Oltre a Ehret, erano stati interessati allo scavo altri studenti, il dr. Takeito “Ike” Ikejiri, del Dipartimento di Scienze Geologiche e il dr Prescott Atkinson, entrambi dell’UA, nonchè personale del Museo e un gruppo di studenti di Geologia.

Mappa della linea di costa del tardo Cretaceo, 85 milioni di anni fa. (fonte: Paleogeographic and Geologic Evolution of North America).

I resti, dopo essere stati estratti dal calcare della cava, sono stati misurati, quindi rimossi dal sito e trasportati al Museo dell’Università.

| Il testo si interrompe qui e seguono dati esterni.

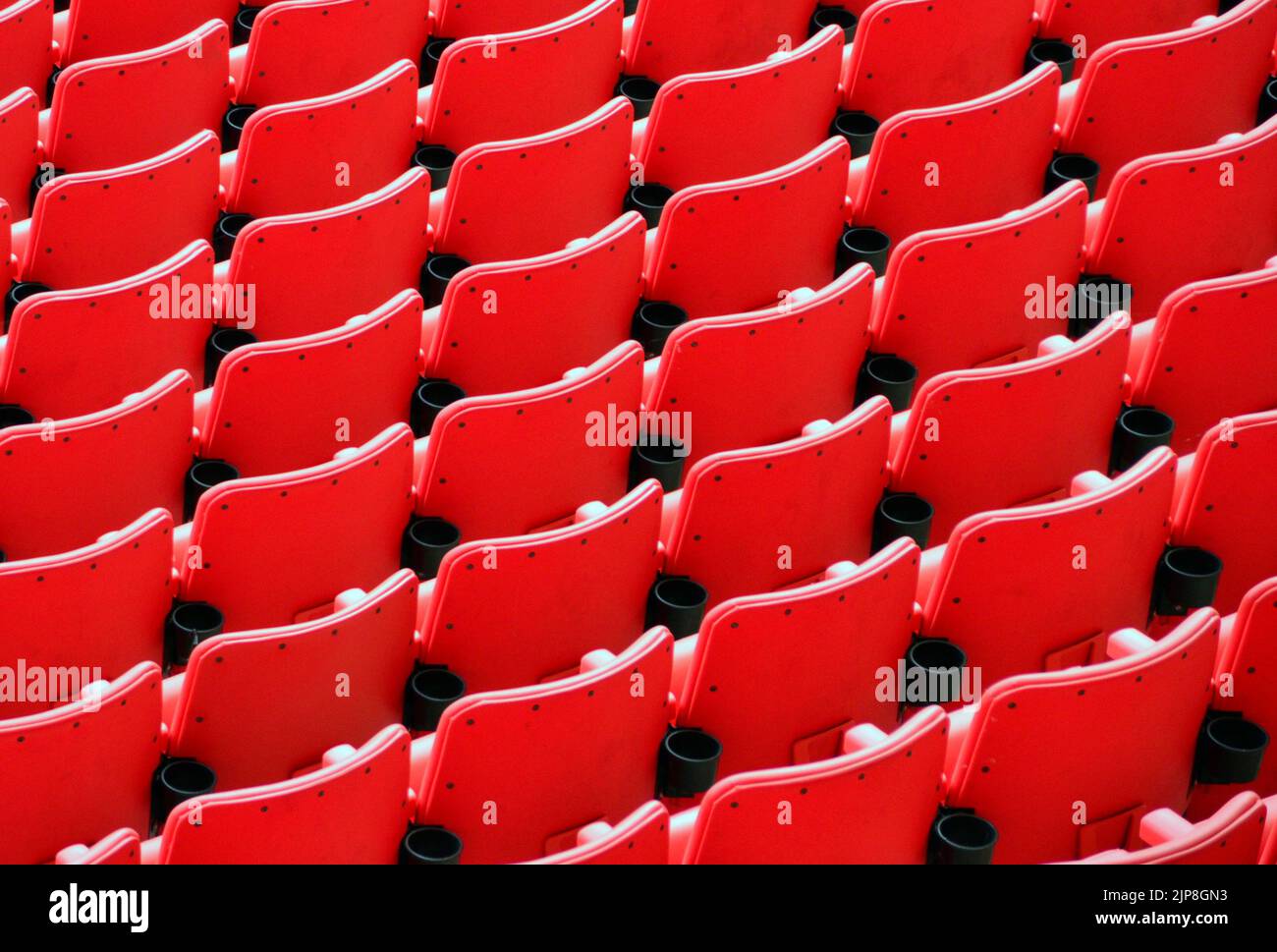 Rows of Red Seats in a Stadium in London UK Stock Photo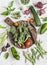 Fresh vegetables - broccoli, zucchini, peppers, beets, green beans and peas, tomatoes on a light background.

In laboratorio, le ossa sono poi state lavate e ripulite dai sedimenti e per qualcuna si è reso necessario – a detta dello stesso Ehret – l’uso di diversi attrezzi per rimuovere le incrostazioni calcaree, tanto erano rimaste saldamente attaccate come un unico blocco.

Ci vorranno ancora parecchie settimane per restaurare adeguatamente le ossa più sottili andate frantumate, assicurandole con un apposito cemento in modo che non vadano in pezzi.

Una volta terminato il lavoro, il fossile verrà esposto nella Smith Hall della UA.

“Dal punto di vista della ricerca, si tratta di un’importante scoperta. Poter disporre di molti pezzi permette di fare una analisi comparativa molto accurata” ha detto Mercredy.

 “Ma importante è stato anche – ha tenuto a sottolineare lo studioso – avere studenti  medi e delle suole superiori che hanno partecipato a questo studio, un’esperienza  che può spingere qualcuno di loro ad approfondire gli aspetti scientifici correlati alla ricerca”.